Social Media for small business: Where to start?
In my previous post, I stressed the importance of establishing a local social media presence for small businesses. You can read that post here: Use Social Media to build your local business brand.
In this post, we will discuss some quick tips to help you get started.
One of the most important that small businesses need to remember is that in today’s world, over 70% of local consumers begin to do the research for products or services that they want or need online.
To prove this point, do a search for your particular business on Google. If you are not entirely convinced that your consumers are looking for you online, a great way to dispel this unfortunate myth is to take a look at what your competitors are doing in your area.
Another thing to note are the businesses that are not local to your area that are appearing as well. I like to refer to this as “fishing in your local pond”. If you note that there are competitors who are advertising online in your area, and they are not local to the area, chances are, they are stealing your money right from underneath your nose.
Ok, I realize I need to have an online presence, now what?
1. Start with getting a good quality website.
My recommendation is that you have a custom designed website, created by a local web designer. Not only will the quality of your organic search rankings be much better, Google doesn’t really like the cookie cutter websites that many of the print media companies offer.
2. Establish your local presence with Google, Yahoo and Bing.
Claim your local listings online – and make sure that you are filling out these pages with high quality, content rich information.
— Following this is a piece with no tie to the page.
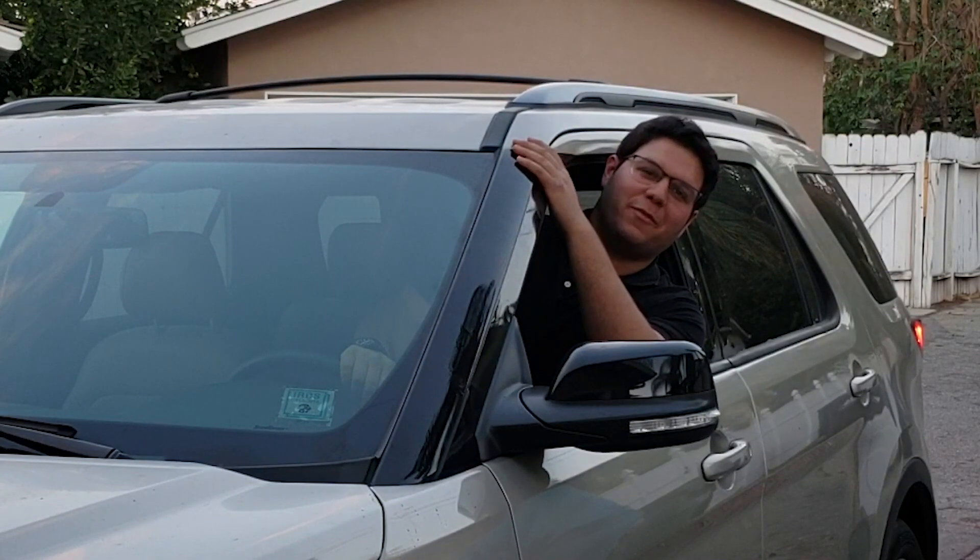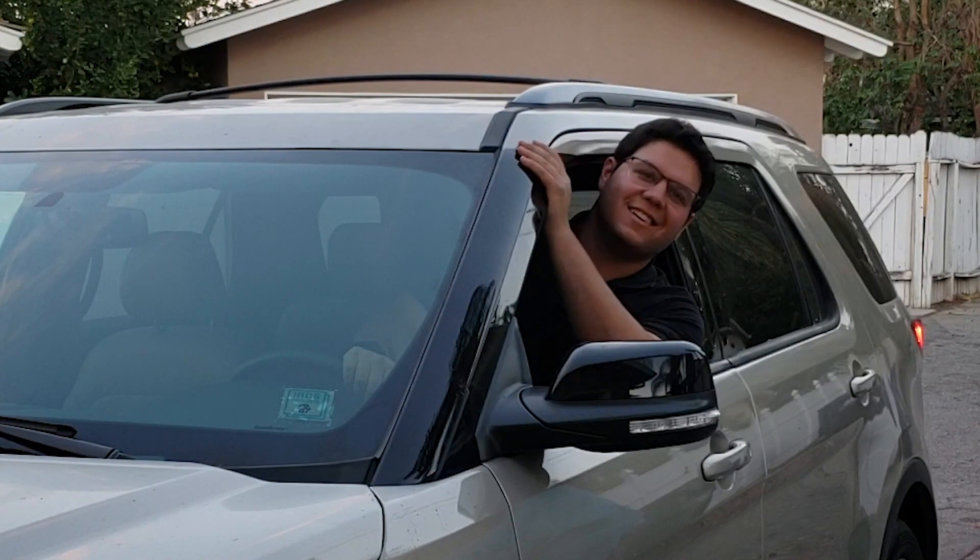Don't forget to like and subscribe for more cool videos about me making inventions. Until next time.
This is something that you can handle yourself, or you can hire a company like Globalwebfx.com to handle this part for you, for a nominal fee.
3. Once you have established your presence online, get reviewed!
It isn’t ethical to offer your customers something in exchange for a review, however there is nothing wrong with doing something nice for your customers who do. Consider requesting your customers email addresses, and after a service call or purchase, send your customer an email and ask them how you are doing. If you get a positive response, send that happy customer a follow up email thanking them for their positive feedback with a link to your profile and a request for a review.
If the review is less than positive, all is not lost. Take the constructive critique as a way to improve your customer service. Send that customer an email thanking them for their honest feedback, and consider adding an offer to incentivize them to do business with you again.